WHAT YOU NEED TO DO>
Filter the listing below down to the lines with the word "silver" and copy those.

AVAILABLE DATA>
┌────────

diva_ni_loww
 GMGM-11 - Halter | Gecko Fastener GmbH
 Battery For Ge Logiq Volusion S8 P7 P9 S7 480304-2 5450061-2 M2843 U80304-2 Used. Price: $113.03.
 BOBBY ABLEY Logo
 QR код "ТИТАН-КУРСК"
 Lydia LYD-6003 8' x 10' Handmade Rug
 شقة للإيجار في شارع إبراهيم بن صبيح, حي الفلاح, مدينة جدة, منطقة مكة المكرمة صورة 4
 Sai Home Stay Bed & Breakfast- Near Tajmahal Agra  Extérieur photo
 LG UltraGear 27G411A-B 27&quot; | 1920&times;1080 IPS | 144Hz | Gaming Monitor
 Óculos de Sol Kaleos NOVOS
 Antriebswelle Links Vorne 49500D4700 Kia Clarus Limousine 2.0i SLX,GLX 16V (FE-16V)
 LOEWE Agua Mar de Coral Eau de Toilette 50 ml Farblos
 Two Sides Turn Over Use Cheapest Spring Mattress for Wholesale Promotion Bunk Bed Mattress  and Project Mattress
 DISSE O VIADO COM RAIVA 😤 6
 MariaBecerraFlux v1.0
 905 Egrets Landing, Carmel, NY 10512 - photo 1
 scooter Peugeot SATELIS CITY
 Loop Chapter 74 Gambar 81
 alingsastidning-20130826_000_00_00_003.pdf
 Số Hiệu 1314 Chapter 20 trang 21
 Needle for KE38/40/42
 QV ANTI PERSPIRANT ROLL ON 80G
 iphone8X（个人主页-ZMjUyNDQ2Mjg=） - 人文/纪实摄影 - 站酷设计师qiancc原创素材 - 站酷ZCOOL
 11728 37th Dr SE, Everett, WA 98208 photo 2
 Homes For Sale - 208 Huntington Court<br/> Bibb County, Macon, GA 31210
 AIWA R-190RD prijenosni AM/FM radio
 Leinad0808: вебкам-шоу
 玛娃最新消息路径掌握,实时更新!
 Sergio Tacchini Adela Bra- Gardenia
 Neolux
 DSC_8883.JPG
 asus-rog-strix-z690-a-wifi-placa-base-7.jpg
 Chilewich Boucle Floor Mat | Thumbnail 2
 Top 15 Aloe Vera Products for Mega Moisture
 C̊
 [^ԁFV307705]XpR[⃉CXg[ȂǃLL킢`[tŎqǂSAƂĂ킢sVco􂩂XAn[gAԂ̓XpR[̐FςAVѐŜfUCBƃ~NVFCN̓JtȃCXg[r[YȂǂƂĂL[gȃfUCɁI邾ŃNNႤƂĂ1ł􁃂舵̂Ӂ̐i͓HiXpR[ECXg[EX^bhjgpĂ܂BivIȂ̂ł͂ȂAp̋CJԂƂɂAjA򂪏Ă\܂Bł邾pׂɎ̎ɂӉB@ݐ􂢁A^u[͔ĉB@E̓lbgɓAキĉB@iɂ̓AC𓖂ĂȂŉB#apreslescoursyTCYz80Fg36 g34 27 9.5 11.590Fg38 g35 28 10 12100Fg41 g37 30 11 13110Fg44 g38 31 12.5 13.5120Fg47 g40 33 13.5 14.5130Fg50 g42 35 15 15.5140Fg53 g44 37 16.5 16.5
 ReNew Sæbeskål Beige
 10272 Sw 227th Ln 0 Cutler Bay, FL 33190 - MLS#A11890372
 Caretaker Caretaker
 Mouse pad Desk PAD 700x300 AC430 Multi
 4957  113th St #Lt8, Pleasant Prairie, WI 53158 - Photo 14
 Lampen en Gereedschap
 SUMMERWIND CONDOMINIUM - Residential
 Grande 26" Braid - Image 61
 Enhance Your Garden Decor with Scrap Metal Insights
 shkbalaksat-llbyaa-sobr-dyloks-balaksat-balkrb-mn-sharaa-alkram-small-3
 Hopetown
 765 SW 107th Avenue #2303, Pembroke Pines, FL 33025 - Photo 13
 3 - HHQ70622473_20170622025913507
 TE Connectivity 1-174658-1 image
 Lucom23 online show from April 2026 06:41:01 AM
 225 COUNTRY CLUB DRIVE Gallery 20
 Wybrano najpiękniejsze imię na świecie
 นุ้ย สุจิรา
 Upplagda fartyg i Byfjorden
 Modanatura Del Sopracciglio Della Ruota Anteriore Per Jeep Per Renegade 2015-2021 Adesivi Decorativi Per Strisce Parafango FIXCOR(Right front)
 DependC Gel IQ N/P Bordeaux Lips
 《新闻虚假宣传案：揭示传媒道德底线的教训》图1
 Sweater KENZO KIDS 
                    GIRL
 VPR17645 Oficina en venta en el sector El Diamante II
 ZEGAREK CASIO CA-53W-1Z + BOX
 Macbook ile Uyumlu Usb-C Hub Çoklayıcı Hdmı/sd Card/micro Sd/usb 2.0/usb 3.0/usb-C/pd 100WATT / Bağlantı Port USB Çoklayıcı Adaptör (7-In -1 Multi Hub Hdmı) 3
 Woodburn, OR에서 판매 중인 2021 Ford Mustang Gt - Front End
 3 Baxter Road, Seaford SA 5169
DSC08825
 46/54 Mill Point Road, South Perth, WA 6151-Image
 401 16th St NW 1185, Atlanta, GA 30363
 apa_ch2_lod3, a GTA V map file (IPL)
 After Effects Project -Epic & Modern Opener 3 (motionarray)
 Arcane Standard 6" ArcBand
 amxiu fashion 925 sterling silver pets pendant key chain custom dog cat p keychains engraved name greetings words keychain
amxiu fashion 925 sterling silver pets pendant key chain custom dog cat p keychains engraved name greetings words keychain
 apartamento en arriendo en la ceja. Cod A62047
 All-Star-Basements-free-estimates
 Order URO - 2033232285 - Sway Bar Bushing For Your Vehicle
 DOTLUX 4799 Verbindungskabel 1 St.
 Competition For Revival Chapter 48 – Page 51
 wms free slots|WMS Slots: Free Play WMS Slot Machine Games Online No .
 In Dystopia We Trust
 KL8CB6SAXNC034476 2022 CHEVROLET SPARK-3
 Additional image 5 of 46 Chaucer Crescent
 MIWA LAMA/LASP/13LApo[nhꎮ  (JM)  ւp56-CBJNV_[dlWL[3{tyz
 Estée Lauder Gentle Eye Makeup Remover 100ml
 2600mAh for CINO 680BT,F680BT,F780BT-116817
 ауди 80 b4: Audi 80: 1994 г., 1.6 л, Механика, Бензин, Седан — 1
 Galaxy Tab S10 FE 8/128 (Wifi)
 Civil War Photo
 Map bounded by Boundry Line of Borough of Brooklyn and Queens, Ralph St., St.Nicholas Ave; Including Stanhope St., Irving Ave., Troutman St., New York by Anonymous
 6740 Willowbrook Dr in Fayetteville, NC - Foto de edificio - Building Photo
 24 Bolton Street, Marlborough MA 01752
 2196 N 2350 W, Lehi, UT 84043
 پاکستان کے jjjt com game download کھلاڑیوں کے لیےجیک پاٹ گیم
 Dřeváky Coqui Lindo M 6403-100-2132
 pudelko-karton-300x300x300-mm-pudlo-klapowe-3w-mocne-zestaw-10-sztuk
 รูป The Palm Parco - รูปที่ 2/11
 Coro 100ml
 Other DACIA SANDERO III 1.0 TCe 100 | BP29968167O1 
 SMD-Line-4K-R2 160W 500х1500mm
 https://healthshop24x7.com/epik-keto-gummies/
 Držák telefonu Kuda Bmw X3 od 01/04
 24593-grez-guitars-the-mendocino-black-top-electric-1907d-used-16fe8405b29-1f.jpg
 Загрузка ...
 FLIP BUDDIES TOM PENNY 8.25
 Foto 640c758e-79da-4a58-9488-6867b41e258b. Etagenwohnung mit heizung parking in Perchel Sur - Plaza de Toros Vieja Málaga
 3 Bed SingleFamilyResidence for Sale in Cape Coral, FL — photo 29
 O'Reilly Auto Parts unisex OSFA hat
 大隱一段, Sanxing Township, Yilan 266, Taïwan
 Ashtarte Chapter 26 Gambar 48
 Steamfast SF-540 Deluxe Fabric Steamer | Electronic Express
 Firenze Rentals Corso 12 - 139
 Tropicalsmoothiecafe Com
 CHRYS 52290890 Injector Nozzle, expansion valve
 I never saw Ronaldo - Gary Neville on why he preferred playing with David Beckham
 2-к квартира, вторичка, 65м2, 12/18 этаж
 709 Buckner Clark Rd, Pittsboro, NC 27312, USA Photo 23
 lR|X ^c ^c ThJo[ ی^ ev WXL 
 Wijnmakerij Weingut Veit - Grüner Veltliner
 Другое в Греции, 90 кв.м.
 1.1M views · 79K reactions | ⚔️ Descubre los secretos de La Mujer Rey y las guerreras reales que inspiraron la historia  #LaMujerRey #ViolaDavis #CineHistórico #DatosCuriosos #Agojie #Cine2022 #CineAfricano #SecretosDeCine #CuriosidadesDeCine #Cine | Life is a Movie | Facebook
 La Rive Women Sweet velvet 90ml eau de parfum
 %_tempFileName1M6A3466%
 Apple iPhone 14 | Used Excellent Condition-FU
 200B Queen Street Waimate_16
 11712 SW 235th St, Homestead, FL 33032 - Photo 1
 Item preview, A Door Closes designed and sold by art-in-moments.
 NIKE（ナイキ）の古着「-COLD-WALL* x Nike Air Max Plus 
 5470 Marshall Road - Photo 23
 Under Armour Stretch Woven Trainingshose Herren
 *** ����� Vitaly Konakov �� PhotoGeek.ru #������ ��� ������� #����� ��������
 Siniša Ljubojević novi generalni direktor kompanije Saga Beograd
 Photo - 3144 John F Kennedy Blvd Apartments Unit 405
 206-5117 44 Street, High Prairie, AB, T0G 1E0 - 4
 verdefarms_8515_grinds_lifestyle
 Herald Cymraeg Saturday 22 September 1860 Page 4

└────────

SOLUTION TO THIS TASK>
 amxiu fashion 925 sterling silver pets pendant key chain custom dog cat p keychains engraved name greetings words keychain
amxiu fashion 925 sterling silver pets pendant key chain custom dog cat p keychains engraved name greetings words keychain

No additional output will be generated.